There is a quote that I really love. It comes from one of my favorite movies. And I like to believe that our favorite movies say a lot about ourselves, so I won’t divulge which movie this is, but I’m pretty sure that most people that read this are smart enough to figure it out. I love this movie, for various reasons. For it’s strong yet weak characters. For it’s facade each character gives, because all characters are perceived as one thing, but are really another… But I love this movie more for it’s ending. It’s not a happy ending, and although it seems very self-fulfilling prophetic prophecy of me, and to quite possibly to believe that my ending can be like so, as realistic and optimistic as I may be, I still prepare for the worse. Hopeless? Yes. Romantic, I can honestly say I don’t know how to be.
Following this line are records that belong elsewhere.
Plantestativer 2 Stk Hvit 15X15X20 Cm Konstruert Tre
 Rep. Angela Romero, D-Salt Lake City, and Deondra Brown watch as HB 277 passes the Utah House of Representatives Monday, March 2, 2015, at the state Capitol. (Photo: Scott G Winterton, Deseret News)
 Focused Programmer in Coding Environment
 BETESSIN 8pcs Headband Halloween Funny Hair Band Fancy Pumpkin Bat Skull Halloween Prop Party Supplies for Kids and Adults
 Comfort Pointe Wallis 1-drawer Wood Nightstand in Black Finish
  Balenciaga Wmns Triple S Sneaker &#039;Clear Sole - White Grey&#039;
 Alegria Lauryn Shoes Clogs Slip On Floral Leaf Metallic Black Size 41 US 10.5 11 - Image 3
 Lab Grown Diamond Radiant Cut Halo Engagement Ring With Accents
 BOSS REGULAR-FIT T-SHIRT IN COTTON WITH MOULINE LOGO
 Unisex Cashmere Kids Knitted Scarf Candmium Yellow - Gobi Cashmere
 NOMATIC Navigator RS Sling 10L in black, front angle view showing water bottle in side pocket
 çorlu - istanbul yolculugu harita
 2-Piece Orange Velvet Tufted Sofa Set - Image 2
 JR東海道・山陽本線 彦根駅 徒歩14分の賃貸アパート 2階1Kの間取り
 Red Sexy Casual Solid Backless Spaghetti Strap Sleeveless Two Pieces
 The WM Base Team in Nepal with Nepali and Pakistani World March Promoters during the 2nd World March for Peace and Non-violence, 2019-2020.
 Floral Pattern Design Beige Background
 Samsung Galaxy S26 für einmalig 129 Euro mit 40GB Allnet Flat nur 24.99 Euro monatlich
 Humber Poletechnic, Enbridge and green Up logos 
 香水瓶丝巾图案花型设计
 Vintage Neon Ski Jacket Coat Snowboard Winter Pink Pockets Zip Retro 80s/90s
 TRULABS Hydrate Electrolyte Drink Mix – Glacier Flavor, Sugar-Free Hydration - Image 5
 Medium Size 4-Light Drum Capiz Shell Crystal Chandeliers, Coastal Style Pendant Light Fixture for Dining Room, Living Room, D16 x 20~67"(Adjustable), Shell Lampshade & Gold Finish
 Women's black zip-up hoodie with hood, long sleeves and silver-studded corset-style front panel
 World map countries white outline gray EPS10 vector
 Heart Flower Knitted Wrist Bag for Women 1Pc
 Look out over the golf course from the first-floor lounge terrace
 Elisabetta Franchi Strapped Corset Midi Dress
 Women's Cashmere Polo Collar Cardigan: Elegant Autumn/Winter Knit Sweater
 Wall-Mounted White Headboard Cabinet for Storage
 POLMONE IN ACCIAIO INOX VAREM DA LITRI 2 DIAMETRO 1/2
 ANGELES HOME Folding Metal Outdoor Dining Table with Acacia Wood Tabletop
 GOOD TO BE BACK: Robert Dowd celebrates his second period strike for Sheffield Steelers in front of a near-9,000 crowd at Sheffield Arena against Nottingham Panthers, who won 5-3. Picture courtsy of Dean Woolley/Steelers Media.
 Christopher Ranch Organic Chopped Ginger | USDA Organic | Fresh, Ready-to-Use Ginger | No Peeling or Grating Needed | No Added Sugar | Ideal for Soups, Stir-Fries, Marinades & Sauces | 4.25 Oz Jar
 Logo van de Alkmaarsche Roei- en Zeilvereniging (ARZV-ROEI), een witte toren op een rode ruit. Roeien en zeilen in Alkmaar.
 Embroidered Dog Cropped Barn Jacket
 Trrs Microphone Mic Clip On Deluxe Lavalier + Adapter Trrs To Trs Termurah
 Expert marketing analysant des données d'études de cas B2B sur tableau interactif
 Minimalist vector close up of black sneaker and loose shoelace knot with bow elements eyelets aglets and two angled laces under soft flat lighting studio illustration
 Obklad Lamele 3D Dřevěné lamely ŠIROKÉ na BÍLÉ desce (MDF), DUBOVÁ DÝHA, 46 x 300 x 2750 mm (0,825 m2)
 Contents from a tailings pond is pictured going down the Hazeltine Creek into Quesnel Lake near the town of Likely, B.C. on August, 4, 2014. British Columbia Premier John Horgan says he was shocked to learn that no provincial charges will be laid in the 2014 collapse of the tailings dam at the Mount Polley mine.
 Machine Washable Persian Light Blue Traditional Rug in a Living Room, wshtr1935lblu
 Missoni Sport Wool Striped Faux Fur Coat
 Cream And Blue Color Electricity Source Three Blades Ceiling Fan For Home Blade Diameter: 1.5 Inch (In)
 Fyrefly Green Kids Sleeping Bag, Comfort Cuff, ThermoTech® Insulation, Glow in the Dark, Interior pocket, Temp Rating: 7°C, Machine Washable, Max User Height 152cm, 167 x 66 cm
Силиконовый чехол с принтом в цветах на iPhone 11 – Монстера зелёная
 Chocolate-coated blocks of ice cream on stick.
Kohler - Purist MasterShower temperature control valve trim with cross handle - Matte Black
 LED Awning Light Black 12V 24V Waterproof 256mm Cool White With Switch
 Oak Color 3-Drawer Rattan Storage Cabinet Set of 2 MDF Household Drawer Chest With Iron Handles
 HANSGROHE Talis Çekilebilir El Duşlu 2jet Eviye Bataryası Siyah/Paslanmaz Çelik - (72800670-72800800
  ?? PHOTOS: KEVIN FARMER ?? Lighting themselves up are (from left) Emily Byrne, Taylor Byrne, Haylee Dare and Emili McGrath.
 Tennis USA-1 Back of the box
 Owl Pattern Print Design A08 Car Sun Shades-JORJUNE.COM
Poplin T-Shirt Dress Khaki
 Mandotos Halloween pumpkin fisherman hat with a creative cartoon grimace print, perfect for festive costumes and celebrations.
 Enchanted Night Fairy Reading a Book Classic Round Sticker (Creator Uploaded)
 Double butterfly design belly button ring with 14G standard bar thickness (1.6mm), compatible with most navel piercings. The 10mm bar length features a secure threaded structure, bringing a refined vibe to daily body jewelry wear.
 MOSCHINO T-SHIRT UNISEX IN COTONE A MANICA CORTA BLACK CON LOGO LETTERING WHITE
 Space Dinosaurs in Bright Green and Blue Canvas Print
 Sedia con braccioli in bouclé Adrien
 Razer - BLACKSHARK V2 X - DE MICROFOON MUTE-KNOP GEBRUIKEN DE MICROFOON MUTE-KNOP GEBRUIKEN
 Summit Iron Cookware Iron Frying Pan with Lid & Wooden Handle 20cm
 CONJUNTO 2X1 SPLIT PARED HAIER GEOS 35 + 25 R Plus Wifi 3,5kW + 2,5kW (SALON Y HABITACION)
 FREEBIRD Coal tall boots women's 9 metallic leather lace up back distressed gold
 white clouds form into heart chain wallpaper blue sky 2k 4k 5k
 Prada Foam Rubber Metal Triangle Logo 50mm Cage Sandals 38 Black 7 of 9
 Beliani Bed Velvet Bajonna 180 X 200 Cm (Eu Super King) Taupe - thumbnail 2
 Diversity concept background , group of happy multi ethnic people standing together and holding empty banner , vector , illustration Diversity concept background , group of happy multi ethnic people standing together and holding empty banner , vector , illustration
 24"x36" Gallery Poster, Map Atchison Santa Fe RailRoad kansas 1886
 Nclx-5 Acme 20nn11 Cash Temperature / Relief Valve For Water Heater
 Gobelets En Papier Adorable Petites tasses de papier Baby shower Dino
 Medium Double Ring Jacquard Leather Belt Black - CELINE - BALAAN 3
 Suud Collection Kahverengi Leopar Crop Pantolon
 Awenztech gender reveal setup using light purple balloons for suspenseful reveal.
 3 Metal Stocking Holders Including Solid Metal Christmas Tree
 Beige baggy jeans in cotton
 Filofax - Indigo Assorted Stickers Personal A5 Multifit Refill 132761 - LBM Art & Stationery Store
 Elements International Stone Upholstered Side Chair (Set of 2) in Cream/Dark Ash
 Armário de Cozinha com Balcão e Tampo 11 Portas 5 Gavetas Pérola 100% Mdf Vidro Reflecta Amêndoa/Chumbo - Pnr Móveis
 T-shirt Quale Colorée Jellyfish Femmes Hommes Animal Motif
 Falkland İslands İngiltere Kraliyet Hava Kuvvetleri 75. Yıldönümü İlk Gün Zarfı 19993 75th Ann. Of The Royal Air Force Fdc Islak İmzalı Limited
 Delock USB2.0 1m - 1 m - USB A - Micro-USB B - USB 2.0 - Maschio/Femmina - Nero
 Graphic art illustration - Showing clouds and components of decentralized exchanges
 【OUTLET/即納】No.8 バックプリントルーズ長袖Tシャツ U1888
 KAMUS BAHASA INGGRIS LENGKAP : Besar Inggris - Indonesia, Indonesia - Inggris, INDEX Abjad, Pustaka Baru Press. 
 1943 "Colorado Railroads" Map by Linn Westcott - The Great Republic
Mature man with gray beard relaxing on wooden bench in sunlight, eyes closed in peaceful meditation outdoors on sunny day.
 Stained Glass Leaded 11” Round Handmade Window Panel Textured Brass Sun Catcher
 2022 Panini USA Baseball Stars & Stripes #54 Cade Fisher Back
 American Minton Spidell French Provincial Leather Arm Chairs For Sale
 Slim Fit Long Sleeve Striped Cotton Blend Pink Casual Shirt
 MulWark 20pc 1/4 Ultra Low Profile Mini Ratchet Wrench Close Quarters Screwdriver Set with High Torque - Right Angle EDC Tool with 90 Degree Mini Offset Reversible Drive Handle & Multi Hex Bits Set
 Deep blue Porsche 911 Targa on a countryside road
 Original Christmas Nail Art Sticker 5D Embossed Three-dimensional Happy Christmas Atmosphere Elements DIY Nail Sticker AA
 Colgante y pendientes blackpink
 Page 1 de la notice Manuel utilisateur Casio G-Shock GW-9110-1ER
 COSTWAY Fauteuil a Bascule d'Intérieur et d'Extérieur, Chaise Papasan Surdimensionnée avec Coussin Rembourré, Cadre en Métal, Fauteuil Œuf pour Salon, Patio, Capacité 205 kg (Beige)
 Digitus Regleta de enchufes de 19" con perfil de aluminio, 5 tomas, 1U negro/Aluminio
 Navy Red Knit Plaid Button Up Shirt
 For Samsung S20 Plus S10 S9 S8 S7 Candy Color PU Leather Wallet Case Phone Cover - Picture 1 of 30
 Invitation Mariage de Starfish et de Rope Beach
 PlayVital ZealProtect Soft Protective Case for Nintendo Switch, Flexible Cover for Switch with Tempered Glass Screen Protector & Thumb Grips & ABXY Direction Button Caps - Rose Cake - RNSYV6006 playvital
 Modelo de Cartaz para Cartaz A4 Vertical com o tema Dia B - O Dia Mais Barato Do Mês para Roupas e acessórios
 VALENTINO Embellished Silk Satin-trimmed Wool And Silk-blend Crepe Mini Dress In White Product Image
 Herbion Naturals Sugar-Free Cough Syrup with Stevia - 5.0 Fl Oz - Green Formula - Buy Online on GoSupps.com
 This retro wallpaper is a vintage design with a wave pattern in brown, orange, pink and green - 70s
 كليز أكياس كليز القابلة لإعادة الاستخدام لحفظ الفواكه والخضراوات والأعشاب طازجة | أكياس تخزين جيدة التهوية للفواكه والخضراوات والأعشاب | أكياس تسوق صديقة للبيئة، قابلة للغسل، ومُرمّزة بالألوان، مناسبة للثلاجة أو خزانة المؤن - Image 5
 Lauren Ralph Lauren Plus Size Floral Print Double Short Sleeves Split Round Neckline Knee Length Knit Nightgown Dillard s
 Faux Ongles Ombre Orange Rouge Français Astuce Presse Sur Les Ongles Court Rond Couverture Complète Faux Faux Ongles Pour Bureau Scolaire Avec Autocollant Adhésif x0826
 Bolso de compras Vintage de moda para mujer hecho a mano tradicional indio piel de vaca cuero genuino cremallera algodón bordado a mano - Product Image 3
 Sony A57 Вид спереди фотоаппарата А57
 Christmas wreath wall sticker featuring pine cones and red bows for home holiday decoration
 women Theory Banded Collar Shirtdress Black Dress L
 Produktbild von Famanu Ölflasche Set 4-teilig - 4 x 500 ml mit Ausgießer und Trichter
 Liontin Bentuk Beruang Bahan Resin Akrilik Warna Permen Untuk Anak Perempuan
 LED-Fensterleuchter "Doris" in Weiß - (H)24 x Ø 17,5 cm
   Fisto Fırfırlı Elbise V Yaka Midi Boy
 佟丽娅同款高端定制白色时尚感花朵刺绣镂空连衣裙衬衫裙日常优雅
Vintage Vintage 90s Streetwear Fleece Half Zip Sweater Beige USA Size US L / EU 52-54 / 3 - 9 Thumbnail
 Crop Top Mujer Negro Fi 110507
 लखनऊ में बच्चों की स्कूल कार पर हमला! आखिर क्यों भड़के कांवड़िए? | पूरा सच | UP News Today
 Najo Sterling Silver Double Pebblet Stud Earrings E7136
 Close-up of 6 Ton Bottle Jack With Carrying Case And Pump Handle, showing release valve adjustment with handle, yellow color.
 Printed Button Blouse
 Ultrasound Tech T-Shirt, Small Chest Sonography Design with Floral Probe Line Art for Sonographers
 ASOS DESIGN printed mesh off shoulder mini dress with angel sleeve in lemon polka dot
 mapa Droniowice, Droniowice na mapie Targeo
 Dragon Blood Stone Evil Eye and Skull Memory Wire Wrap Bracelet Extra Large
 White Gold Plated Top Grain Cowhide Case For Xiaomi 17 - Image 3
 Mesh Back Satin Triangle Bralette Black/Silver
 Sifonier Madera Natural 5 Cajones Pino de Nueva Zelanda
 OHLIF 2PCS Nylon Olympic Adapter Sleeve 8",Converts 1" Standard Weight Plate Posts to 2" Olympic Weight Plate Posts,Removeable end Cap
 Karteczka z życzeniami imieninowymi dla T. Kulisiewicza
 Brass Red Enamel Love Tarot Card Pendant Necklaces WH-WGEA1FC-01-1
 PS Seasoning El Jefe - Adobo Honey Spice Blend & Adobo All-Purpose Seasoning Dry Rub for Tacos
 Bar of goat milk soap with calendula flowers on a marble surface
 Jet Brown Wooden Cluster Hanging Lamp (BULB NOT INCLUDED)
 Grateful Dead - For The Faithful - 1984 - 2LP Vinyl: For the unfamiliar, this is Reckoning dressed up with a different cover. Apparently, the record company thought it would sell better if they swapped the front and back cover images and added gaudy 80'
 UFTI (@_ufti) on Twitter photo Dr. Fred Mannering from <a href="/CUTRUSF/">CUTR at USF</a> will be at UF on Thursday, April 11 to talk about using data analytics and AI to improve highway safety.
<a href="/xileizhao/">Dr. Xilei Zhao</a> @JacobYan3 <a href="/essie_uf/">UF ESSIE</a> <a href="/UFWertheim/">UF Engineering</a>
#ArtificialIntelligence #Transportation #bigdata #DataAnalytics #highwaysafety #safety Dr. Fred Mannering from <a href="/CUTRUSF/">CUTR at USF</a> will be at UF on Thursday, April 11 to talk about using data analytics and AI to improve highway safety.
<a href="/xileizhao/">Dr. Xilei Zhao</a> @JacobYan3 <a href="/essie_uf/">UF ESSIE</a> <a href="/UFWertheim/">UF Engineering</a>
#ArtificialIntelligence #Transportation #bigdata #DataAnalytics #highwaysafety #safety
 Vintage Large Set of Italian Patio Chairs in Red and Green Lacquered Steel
But I’m rambling, so the quote is as follows:

“as if you had no choice? There’s a moment, there’s always a moment, “I can do this, I can give into this, or I can resist it”, and I don’t know when your moment was, but I bet you there was one.”

Apply it as you wish. To however/whatever you want to apply it to. I know what I apply it to myself. We all have our moments, our points of decisions. I completely understand that we all have our undecided/spontaneous/rely on instinct moments(I know I have). But I have to admit that we also have our moments of choice right before we fall, right before we give in. There is a moment right before we decide to fall. There’s a moment before we decide to let go. There’s a moment when we tell ourselves to just go with it and fuck the consequences.

As much as we like to believe in our naivete, we all know and remember that moment.

And it comes full circle. We get fucked by the consequences, or we get fucked by the cause and effect. Or, we get our happy ending… It varies really. I know there’s no happy ending in my book, but that’s a whole other story…

I’m not one to deny any of this. I will be the first to admit that I can be as naive as a groundhog on groundhog day… But I do refuse to move forward. I know I’m not nearly as strong enough to ignore certain things, but I’m strong enough to walk away. And maybe I am a coward, and it has been easy for me to walk away before. Yet still, I don’t regret it.

Change happens. Life Changes, People Change, Everything Changes. How you handle that change, is all up to you.

Sometimes, as hard as it is to admit it, and harder as it is to convince yourself to do it, You really do have to say good bye. Au revoir, Adios, and take care. Our paths are never done, only just started. I’m always excited to just keep going. And seriously, why wouldn’t I be? Just around the riverbed right? =)

(P.S: Nara by E.S. Posthumus and  some other songs by Antonio Pinto were probably the best soundtracks to listen to for me to write this.).